_What is being asked_: Please copy all of the data that follows exactly, leaving any pictures out.

Start of Material supplied

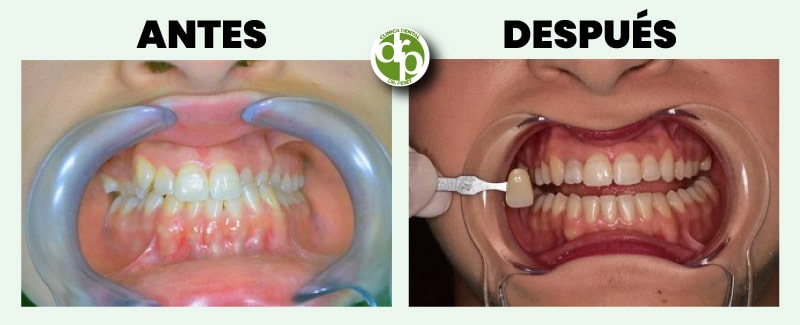 antes después ortodoncia y blanqueamiento dental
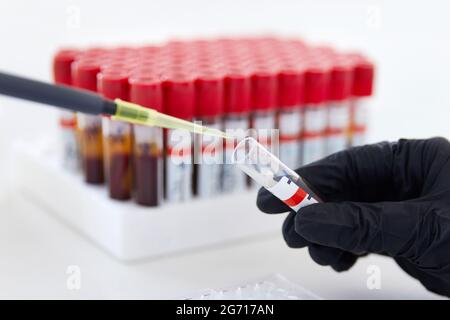 mani di un tecnico di laboratorio con provetta di campione di sangue e rack con altri campioni Foto Stock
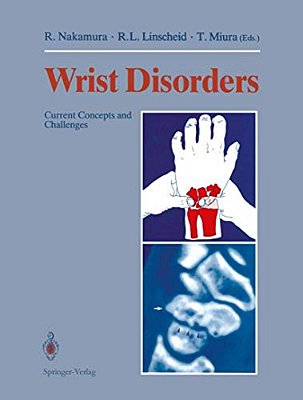 Wrist Disorders: Current Concepts And Challenges-..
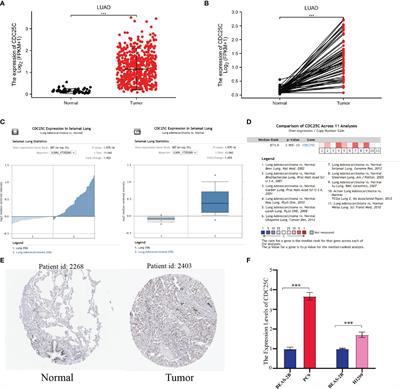 CDC25C as a Predictive Biomarker for Immune Checkpoint Inhibitors in Patients With Lung Adenocarcinoma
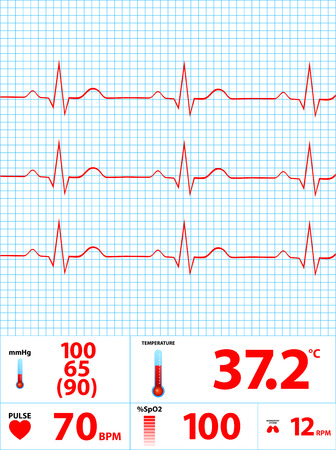 Modern Electrocardiogram Monitor Displayのイラスト素材
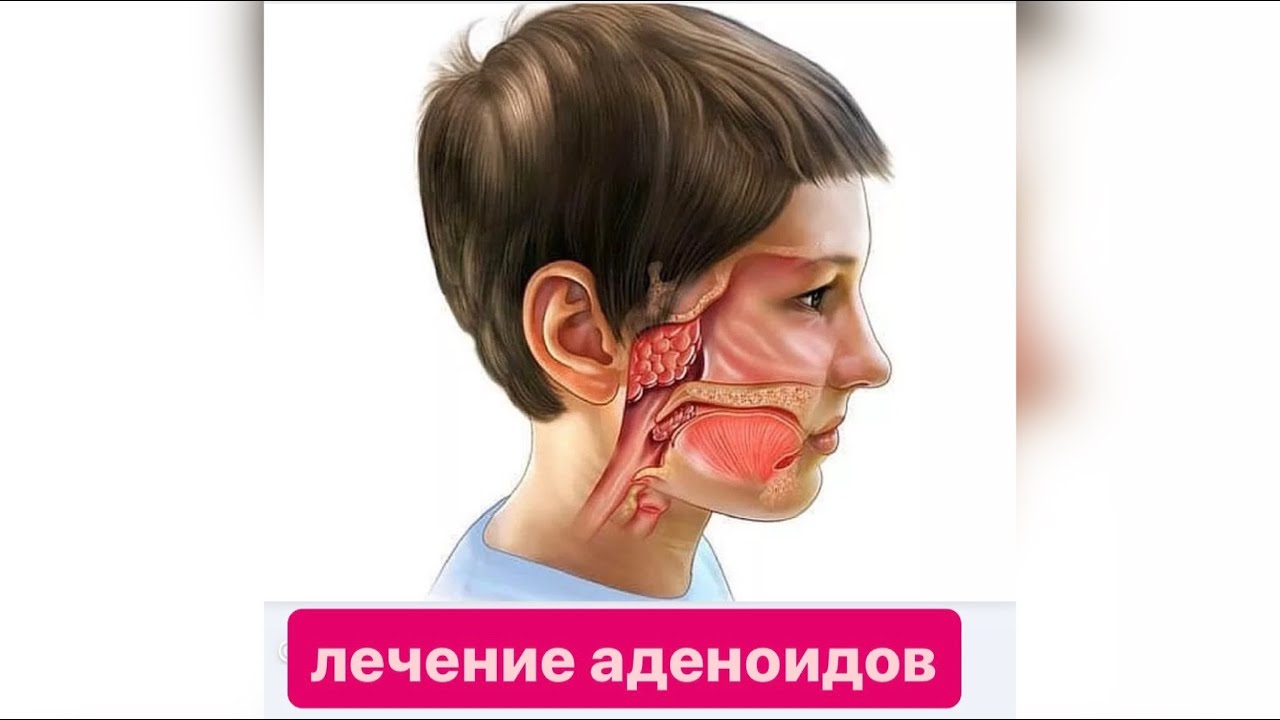 Аденоиды лечение в Кемерово: цена — лор лечение аденоидов без операции у врача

End of Material supplied

_Answer to the exercise_:
 antes después ortodoncia y blanqueamiento dental
 mani di un tecnico di laboratorio con provetta di campione di sangue e rack con altri campioni Foto Stock
 Wrist Disorders: Current Concepts And Challenges-..
 CDC25C as a Predictive Biomarker for Immune Checkpoint Inhibitors in Patients With Lung Adenocarcinoma
 Modern Electrocardiogram Monitor Displayのイラスト素材
 Аденоиды лечение в Кемерово: цена — лор лечение аденоидов без операции у врача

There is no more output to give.